(Bloomberg) -- The Federal Reserve said US banks broadly reported tight lending standards and weak demand for loans in the third quarter, though both measures improved somewhat compared with the prior three-month period.

The proportion of US banks tightening standards on commercial and industrial loans for medium and large businesses fell to 33.9%, from 50.8% in the second quarter, according to a Fed survey of lending officers released Monday. Some 62.7% of banks are keeping lending conditions basically unchanged.

“They show improvement from the second quarter but it is true that the numbers are still pretty dire,” said Kenneth Kim, senior economist at KPMG LLP. “The net share of banks tightening standards — whether it’s for business loans, consumer loans or commercial real estate — those numbers are still very elevated even if they might be a touch lower than the second quarter.”
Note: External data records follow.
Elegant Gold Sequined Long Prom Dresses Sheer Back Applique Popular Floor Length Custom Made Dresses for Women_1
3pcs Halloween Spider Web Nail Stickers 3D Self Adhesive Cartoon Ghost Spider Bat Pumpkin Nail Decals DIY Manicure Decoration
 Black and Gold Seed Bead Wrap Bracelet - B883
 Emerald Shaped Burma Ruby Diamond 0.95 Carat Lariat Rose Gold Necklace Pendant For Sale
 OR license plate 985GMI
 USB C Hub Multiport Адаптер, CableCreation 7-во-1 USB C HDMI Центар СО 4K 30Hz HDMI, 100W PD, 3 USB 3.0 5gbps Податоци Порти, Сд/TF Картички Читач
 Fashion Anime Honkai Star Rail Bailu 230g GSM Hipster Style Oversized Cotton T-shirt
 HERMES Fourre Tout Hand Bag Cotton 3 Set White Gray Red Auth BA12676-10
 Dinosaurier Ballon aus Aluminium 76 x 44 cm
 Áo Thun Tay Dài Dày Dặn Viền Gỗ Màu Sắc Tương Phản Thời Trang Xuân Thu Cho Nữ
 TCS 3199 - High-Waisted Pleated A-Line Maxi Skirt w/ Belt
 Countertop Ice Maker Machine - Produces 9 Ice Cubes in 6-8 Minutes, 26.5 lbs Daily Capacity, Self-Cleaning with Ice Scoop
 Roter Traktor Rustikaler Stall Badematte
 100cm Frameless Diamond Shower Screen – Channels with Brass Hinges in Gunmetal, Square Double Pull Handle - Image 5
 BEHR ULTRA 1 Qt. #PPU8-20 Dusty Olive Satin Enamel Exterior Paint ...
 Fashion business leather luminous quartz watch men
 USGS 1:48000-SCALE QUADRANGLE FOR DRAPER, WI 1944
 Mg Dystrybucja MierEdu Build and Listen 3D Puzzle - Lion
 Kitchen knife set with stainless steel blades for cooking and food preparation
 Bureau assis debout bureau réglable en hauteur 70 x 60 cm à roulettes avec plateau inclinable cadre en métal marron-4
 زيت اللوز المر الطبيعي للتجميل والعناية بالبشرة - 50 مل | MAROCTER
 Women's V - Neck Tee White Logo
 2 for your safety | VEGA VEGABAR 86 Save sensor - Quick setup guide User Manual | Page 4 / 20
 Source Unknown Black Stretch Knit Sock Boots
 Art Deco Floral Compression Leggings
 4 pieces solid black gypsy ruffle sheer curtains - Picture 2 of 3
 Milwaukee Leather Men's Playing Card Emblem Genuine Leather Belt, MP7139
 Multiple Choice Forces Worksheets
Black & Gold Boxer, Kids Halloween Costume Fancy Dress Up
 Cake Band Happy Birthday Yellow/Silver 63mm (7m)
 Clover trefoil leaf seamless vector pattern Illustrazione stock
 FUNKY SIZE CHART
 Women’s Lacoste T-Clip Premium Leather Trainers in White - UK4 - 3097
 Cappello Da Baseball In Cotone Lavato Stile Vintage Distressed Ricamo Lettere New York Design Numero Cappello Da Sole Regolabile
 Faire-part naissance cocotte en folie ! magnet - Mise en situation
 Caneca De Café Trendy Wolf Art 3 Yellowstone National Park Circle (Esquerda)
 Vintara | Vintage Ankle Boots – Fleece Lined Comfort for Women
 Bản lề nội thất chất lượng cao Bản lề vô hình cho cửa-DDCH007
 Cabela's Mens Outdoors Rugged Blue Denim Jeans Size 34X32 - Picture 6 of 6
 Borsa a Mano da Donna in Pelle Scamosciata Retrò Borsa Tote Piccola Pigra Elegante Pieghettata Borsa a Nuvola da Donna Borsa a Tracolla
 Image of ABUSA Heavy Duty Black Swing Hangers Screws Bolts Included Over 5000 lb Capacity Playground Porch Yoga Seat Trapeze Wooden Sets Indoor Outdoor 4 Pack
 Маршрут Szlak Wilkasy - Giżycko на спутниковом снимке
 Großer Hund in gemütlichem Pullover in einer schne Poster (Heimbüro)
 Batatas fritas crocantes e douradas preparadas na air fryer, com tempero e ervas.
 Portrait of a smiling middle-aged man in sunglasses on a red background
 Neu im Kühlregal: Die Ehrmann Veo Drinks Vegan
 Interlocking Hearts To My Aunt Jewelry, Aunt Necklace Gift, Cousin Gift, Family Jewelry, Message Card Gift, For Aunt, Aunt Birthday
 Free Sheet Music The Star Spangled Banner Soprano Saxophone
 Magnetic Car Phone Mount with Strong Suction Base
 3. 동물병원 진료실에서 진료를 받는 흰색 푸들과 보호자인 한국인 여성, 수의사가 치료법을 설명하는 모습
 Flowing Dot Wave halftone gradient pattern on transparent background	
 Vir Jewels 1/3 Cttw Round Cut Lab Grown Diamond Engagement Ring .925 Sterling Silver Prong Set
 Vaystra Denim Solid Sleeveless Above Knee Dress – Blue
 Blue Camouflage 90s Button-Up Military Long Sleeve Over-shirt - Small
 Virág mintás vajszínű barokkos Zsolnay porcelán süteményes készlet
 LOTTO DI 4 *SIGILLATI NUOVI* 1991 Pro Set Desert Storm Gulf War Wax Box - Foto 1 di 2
The collapse of four US regional banks earlier this year sparked turmoil in the financial sector and increased concerns that lenders would rein in access to credit in a way that could tip the US economy into a recession. Data since then have shown the economy remained resilient through the third quarter, bolstered by strong consumer spending. 

Read more: Powell Hints Fed Is Done With Hikes in Pivot Cheered by Markets 

The central bank has raised its benchmark rate by more than five percentage points since early last year to rein in price growth, but left it in a range of 5.25% to 5.5% last week, a second consecutive hold. Fed Chair Jerome Powell hinted the US central bank may now be finished with the most aggressive tightening cycle in four decades.

The survey showed an improvement in demand for credit, with the share of banks reporting weaker demand for commercial and industrial loans among large and mid-sized firms at 30.5%, down from 51.6% in the second quarter.

What Bloomberg Economics Says...

“The report showed one potential source of economic resilience waning: Consumer demand for credit and smaller firms’ demand for commercial and industrial loans continued deteriorating as interest rates rose throughout the third quarter. Demand for residential mortgages retreated as rates continued climbing. Demand for home equity lines of credit also retreated, weighing on our expectations for consumer spending on durables and home improvement.”

— Stuart Paul, US, Canada economist

To read the full note, click here

The Fed included some special questions in the survey on the likelihood of banks approving credit card and auto-loan applications by borrower FICO score. They found that significant net shares of banks were less likely to approve both types of loan applications from borrowers with FICO scores of 620.

“That’s a pretty big chunk of the US consumer that may have less credit available to them next year,” Kim said.

The figures in the survey, known as the Senior Loan Officer Opinion Survey, are calculated as net percentages, or the shares of banks reporting tighter conditions or stronger demand minus the proportion of banks reporting easier standards or weaker demand.